• _Data records_:
^^^^^^^^
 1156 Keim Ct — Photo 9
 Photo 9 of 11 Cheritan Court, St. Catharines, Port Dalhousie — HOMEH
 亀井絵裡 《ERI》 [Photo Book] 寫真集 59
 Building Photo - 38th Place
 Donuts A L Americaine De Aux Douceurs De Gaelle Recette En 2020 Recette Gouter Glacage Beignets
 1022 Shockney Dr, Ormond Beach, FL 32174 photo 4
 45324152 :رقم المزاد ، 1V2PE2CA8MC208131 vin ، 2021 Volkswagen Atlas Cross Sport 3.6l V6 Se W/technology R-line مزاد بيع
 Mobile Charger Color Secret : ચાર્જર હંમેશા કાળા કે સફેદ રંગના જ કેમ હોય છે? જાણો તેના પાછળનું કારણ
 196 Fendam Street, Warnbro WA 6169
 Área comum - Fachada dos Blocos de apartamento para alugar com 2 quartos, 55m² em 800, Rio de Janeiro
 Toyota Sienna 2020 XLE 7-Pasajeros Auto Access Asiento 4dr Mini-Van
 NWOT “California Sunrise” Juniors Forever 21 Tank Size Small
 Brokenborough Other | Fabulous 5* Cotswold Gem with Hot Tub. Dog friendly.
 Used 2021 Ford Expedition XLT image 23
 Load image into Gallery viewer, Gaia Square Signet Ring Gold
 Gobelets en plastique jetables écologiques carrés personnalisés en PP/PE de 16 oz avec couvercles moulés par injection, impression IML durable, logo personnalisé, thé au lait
^^^^^^^^
• _What is being asked_: Would you return all lines from the preceding listing that contain the word "image"?

• _Task answer_:
 Used 2021 Ford Expedition XLT image 23
 Load image into Gallery viewer, Gaia Square Signet Ring Gold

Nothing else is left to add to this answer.